“All people lie,” says Ramsey (Keanu Reeves), the cunning, cynical lawyer who agrees to defend a teenage client, Mike (Gabriel Basso), against charges that he murdered his father, Boone (Jim Belushi). In Nicholas Kazan’s intricate screenplay for The Whole Truth, however, the truth lies in the flashbacks, all of them strategically placed to either confirm, deny, or complicate the veracity of what various characters testify on the stand or in confidence.
In this context, the absence of a flashback to accompany a character’s testimony is enough to immediately inspire skepticism in audiences.
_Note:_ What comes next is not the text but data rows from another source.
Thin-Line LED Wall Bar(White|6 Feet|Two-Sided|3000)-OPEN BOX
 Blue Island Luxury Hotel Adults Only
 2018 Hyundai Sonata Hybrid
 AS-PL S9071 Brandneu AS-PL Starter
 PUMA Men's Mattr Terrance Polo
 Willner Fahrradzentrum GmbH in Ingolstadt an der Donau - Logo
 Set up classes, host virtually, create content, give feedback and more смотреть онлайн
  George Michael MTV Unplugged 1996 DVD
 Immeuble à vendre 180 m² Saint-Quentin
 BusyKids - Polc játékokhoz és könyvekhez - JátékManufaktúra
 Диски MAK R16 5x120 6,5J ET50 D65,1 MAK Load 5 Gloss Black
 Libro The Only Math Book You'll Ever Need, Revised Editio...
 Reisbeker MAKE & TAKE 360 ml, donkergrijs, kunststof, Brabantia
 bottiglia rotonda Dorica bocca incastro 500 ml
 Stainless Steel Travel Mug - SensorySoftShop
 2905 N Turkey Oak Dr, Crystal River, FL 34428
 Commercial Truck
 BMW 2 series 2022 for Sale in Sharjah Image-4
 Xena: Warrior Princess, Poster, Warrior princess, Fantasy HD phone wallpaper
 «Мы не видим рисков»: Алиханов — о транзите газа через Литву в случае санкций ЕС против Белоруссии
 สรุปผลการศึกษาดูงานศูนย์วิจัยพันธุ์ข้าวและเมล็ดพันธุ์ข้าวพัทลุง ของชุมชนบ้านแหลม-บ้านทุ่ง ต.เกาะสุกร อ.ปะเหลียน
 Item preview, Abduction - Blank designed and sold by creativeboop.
This structural gimmick marginally elevates Courtney Hunt’s film above the level of a feature-length Law & Order episode, many of which depend on purely verbal revelations to advance its narrative. So, to a lesser extent, does Ramsey’s voiceover narration, which Reeves delivers in the style of a hardboiled gumshoe in a detective noir—a pose of mastery over human nature that’s gradually subverted as the plot twists pile up and he realizes the outcome of the trial he’s participating in may not entirely be in his hands.
Courtney Hunt’s film ultimately plays as little more than the cinematic equivalent of a trashy airport novel.
Still, The Whole Truth is basically a straightforward courtroom drama. Like the Kazan-scripted Reversal of Fortune before it, the film gains a lot of dramatic mileage out of the relatively unconventional premise of a lawyer having to try to discover the truth of a situation despite dealing with an unreliable client—in this case, one that won’t even speak to his lawyer, as Mike mysteriously refuses to do for much of the film. The same skeptical view of the upper class that was prevalent in that earlier script also finds its way into The Whole Truth, with Boone painted as a loutish, domineering womanizer who also abuses and cheats on his long-suffering wife, Loretta (Renée Zellweger). He apparently has such a hold on those around him that, even after his death, almost everyone is afraid to tell the truth—another layer of near-conspiratorial deception that Ramsey has to wade through.
Another character offers a potential entry point into this unsavory world of sex and violence: Janelle (Gugu Mbatha-Raw), the daughter of a well-respected former lawyer who Ramsey brings on to be his “bullshit detector,” and who’s trying to bounce back from a stint at a mental institution. The deeper she wades into this case, however, the more she eventually becomes the film’s most sympathetic and morally upright character. Or, at least, her moral uprightness might matter more if the characters had exuded any depth beyond the merely archetypal—mere chess pieces for Kazan to arrange his cleverly stacked deck of cards. The filmmakers are so disengaged from the psyches of its characters that The Whole Truth ultimately plays as little more than the cinematic equivalent of a trashy airport novel that will grip you in the moment before it dissolves from memory immediately afterward.